§ EXERCISE:
Return the data below exactly, stopping after the line with "Huying Wolf Hair".
PROVIDED RECORDS START
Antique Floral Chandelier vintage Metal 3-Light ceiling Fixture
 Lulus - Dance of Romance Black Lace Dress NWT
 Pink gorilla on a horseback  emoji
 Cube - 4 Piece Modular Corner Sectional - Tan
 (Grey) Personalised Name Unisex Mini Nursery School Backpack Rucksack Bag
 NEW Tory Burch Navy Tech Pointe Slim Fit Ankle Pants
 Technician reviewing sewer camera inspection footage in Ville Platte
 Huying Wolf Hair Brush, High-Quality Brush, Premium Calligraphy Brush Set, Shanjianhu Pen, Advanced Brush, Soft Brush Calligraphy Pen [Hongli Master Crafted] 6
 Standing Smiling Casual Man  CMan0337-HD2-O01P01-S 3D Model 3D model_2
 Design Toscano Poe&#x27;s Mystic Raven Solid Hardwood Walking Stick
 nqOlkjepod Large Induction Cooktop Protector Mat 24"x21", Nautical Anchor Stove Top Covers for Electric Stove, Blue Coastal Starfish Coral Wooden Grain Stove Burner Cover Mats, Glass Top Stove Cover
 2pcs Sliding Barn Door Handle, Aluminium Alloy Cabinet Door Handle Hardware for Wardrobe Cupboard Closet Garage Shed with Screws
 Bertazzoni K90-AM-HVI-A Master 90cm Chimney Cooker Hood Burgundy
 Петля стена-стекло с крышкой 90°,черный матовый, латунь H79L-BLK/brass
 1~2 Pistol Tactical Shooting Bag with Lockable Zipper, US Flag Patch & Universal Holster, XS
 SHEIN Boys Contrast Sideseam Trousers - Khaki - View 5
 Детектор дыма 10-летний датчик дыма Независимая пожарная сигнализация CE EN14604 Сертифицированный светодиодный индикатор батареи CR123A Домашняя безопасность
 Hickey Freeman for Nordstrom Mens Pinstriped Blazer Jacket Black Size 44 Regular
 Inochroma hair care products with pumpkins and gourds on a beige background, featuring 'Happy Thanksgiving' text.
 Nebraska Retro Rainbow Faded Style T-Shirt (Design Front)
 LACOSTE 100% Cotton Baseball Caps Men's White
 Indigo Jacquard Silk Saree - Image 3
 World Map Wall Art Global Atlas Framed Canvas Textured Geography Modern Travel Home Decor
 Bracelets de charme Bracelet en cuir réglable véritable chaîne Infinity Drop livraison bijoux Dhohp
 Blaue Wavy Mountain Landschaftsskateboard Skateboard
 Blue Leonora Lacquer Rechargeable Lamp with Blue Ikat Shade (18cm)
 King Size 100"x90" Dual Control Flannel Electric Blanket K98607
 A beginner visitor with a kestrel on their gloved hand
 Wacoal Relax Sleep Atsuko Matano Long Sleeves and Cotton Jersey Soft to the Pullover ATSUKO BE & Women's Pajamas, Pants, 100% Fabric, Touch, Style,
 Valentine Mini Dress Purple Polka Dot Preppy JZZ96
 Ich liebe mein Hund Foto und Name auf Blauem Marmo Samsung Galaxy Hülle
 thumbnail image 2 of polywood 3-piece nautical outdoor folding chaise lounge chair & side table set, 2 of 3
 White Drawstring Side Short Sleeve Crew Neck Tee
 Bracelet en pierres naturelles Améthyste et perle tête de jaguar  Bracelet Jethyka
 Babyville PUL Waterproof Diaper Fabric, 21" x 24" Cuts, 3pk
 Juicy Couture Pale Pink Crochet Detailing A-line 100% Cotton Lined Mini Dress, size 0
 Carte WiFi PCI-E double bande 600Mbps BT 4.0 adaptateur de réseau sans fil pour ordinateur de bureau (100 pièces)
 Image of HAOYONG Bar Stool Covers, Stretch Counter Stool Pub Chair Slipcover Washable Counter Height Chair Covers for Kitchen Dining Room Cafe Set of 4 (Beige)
PROVIDED RECORDS END
§ THE COMPLETED TASK:
Antique Floral Chandelier vintage Metal 3-Light ceiling Fixture
 Lulus - Dance of Romance Black Lace Dress NWT
 Pink gorilla on a horseback  emoji
 Cube - 4 Piece Modular Corner Sectional - Tan
 (Grey) Personalised Name Unisex Mini Nursery School Backpack Rucksack Bag
 NEW Tory Burch Navy Tech Pointe Slim Fit Ankle Pants
 Technician reviewing sewer camera inspection footage in Ville Platte
 Huying Wolf Hair Brush, High-Quality Brush, Premium Calligraphy Brush Set, Shanjianhu Pen, Advanced Brush, Soft Brush Calligraphy Pen [Hongli Master Crafted] 6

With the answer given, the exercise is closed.